Lehman Brothers was on Thursday night in talks with potential buyers – including Bank of America – in a last-ditch attempt to stave off collapse after investors gave a thumbs-down to its survival plans. Shares in Lehman, which had halved in value this week, plunged a further 41.8% on Thursday as uncertainty rose about the bank’s ability to continue as an independent entity. Lehman executives, led by chief executive Dick Fuld, began contacting rival banks in the morning after the shares tumbled in pre-market trading, says the FT.
Industry bodies have reacted angrily to the comments of an executive at energy group E.On who jokingly told a seminar on Wednesday that high winter gas prices would "make more money for us". E.On has apologised and launched an investigation into its head of emissions trading Mark Owen-Lloyd, whose quip provoked a backlash from consumers, politicians and industry, reports the Telegraph.
Gordon Brown’s promise to raise £910m from energy companies to fund a national home-insulation drive will cost the industry substantially less than the headline figure because the cost can be knocked off their tax bill. The taxpayer will effectively fund a sizeable chunk of the UK prime minister’s initiative, because companies can offset the cost of lagging homes against corporation tax at 28%, says the FT.
Amid increasing evidence that they believe credit is drying up, Kesa Electricals – one of the Continent’s biggest retailers – made the decision this week to forgo two more years of cheap bond funding, secured back in 2005. Instead, it opted to pay a higher rate now in order to see the company through another five years – thereby dodging the need to refinance during the deepening economic downturn, reports the FT.
Diageo, the world's biggest drinks company, is to build a new state-of-the-art brewery in Ireland on land with ties to the Guinness founding family as it look to cuts costs without harming its heritage. The new Arthur Guinness Brewery will be built in Leixlip, west of Dublin, on land purchased from the Guinness family and the local council, writes the Telegraph.
The Conservatives claimed that Labour's relations with the Square Mile had hit a new low after Sir James Sassoon, the Government's top City representative, resigned. Sir James's decision to relinquish his position as the Treasury's Special Representative for Promotion of the City, which he had held for more than two years, was announced last night. He will not be replaced, reports the Telegraph.

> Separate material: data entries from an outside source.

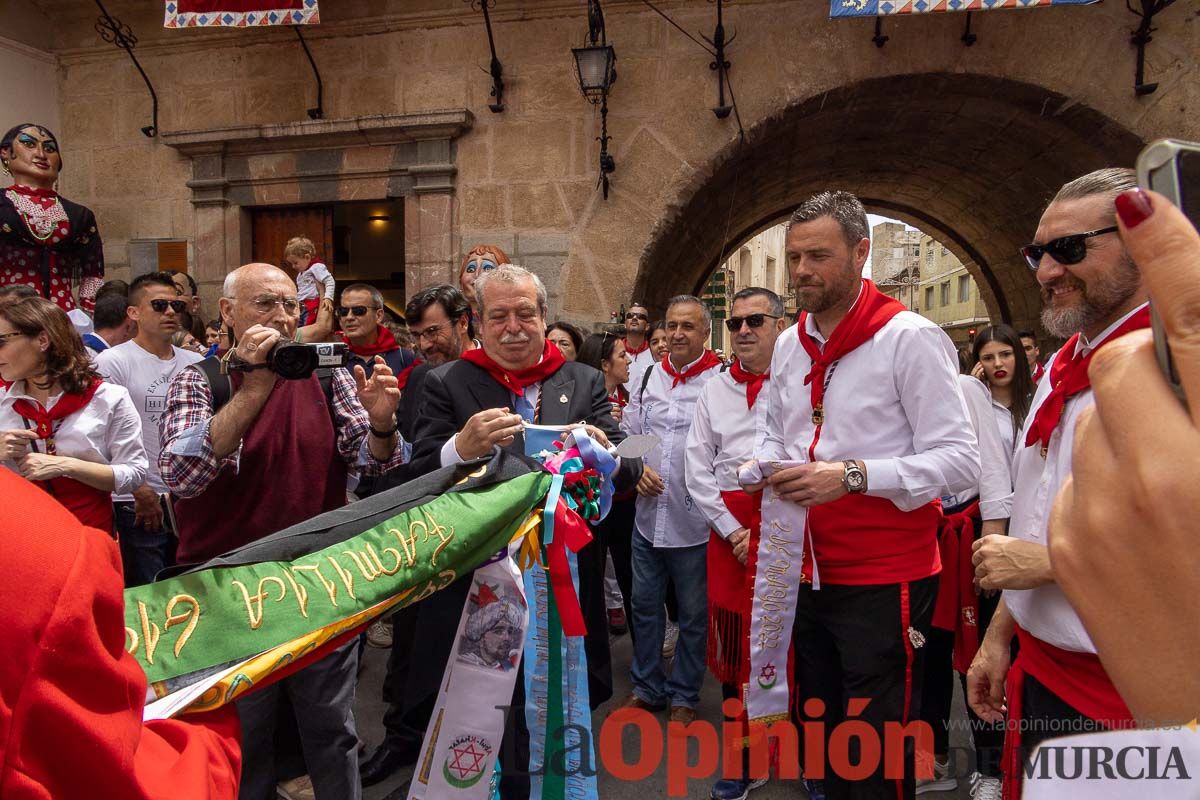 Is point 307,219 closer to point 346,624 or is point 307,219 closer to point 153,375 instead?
point 153,375

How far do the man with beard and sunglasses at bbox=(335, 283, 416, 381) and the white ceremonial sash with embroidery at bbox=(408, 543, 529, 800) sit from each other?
2.53 meters

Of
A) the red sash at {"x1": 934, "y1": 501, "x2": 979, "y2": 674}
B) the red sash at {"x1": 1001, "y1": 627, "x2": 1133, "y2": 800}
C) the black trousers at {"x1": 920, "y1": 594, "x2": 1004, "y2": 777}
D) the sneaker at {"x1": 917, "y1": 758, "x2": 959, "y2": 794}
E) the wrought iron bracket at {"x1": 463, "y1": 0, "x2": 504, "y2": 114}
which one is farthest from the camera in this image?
the wrought iron bracket at {"x1": 463, "y1": 0, "x2": 504, "y2": 114}

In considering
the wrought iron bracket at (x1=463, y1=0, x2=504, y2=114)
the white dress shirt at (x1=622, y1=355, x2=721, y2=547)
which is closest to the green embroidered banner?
the white dress shirt at (x1=622, y1=355, x2=721, y2=547)

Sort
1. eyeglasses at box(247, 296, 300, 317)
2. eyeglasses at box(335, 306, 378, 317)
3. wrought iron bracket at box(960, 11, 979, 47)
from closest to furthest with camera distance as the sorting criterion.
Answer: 1. eyeglasses at box(247, 296, 300, 317)
2. eyeglasses at box(335, 306, 378, 317)
3. wrought iron bracket at box(960, 11, 979, 47)

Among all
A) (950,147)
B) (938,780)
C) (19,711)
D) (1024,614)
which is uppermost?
(950,147)

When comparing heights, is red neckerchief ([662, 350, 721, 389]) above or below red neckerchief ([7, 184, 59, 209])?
below

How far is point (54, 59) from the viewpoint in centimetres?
821

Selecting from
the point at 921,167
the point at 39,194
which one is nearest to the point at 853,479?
the point at 39,194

Open warfare broke out within the Bank of England's Monetary Policy Committee yesterday as its members offered wildly varying views on how to handle the economic downturn. The Governor of the Bank, Mervyn King, who chairs the MPC, and David Blanchflower, an outspoken external MPC member, gave markedly different verdicts on the prospects for the economy as they gave evidence to MPs on the Treasury Select Committee, writes the Independent.
BG Group's most recent oil discovery at Iara in Brazil's Santos Basin is more than three times larger than expected, the company has revealed, and could contain between 3 and 4 billion barrels of recoverable oil says the Independent.